Following an appearance on Fast Money by Cathie Wood where she highlighted 3d printer stock SSYS in particular, Dan detailed a trade that looked for upside potential in the stock over the first half of 2019. Here was the initial trade idea, from January 15th:
SSYS ($20.50) BUY JUNE 17.50 / 22.50 RISK REVERSAL FOR 50 CENTS
-Sell to open 1 June 17.50 put at 1.25
-Buy to open 1 June 22.50 call for 1.75
At the time of the original post, the stock was 20.50. Now, just a month later it is significantly higher, trading 27.50. That’s the exact type of move you want in any long delta trade, but particularly with a risk reversal setup like this one. The margin requirements and risk/reward profile of a risk reversal is similar to stock but where the risk reversal setup works nicely is when looking for an outsized move potential without having to worry about the day to day gyrations of a stock. In this case, the stock could go anywhere between 17.50 and 22.50 in the next few months and the only thing at risk was the .50 paid. BUT, of the stock went higher, above 22.50 it basically is like being long stock for the breakout. That’s what happened here. The other positive is once that breakout happens the position can be adjusted, sticking around for more potential gains while taking risk off the table.
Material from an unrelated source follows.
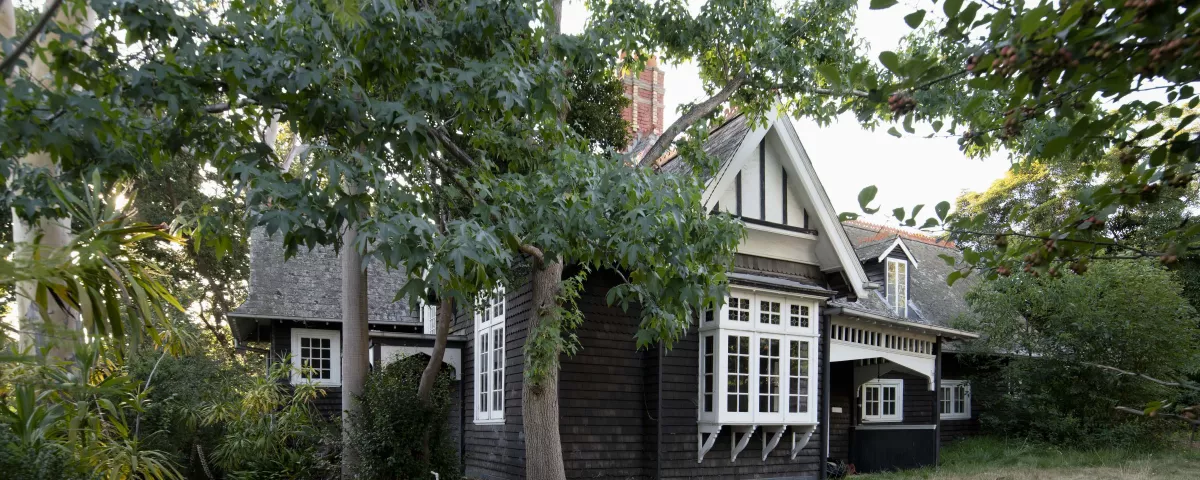 large historic weatherboard house surrounded by trees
So let’s check in on this trade. With the stock 27.50 this risk reversal is worth about $6, versus the initial .50 paid. The June 17.50 puts are now worth about .40 (the were sold at 1.25). That’s sort of amazing considering the stock is so much higher but it is emblematic of the volatility in this sector. (and an upcoming earnings report.
I do think it makes sense to cover those to close and take that outside risk off the table. And for those that this move is enough, or course the entire trade can be taken off at a profit.
But for those looking to book some profits and keep the position riding there are a couple of things one could do (all include closing the short put.) The company reports earnings the last week of February and it has obviously ramped into that report so it’s probably not super wise to keep the 22.50 calls because a big move lower on the report could wipe out profits and there aren’t alot of great meaty upside calls to sell to take off that risk.
One idea is to book the current profits of 6.00 and roll to a call calendar (for those looking for more upside). Right now the March/June 30 call calendar is offered at about 1.60. Which would book a majority of the current profits and leave some possibility for more. If the stock is at or below 30 on March expiration the June calls would remain in play and could then be further spread by selling a higher strike call in June after March expiration. Even if the stock goes sideways or slightly lower following the Feb report this trade would be in decent shape considering the way this stock moves and the fact that current profits will be mostly booked.